When I took my clothes off, I saw the side wrinkles on my stomach drooping downwards. There were lots of them. I tried pinching. Gross. It looked like the edge of a pile of futons. I hadn’t thought my body was this sickening.
Because I had aged so rapidly, I wasn’t used to it. It made me question if this was really me, really my body. I still hadn’t quite accepted it.
It was six months after my third divorce. I was working as a part-timer at a jazz cafe and bar. Every other day, I worked from noon to eleven at night. I had just started the job.
‘What’s that guy of yours doing?’ The manager of the bar poured herself a glass of Cinzano. Who was she talking about?

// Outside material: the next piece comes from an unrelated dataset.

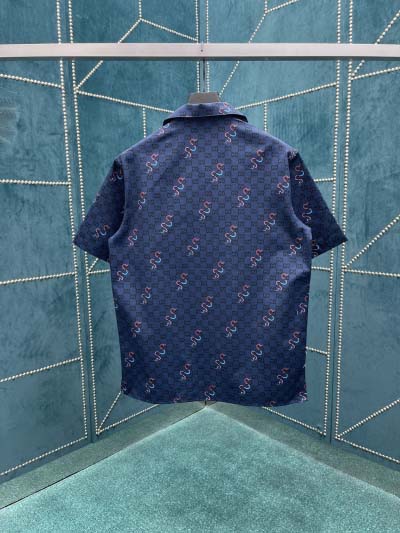 2025年2月21日高品質復刻新品Gucci半袖シャツ  FF工場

‘Well, aren’t you something… Getting married so many times. Can’t you do anything else?’ one of the customers chimed in. The counter seats at this place always drew a rowdy crowd. The quiet ones tended to sit in the booths.
‘I know, right? Me, I’m just not the family type. It took me ten years to realize that. I’m already thirty-one.’
‘Have you ever thought that the problem might be the people you choose?’ a different customer asked.
‘I can’t seem to say no when someone pursues me. It’s my fault for always being drawn to unstable people.’ I started washing the dishes.
‘You’re not going to dance anymore?’ This one knew my history. I’d been a chorus girl before my first marriage.
‘It’s been too long.’
A slight pain ran through me. I’d loved dancing ever since I’d been a kid. When I was in middle school, I could often be found making up my own moves and dancing by myself in the gymnasium after school. You couldn’t call it modern dance or jazz ballet. I didn’t care what it was, I just moved around to the music that I heard in the moment. I didn’t have any ballet shoes but I would dance till my toenails cracked and bled.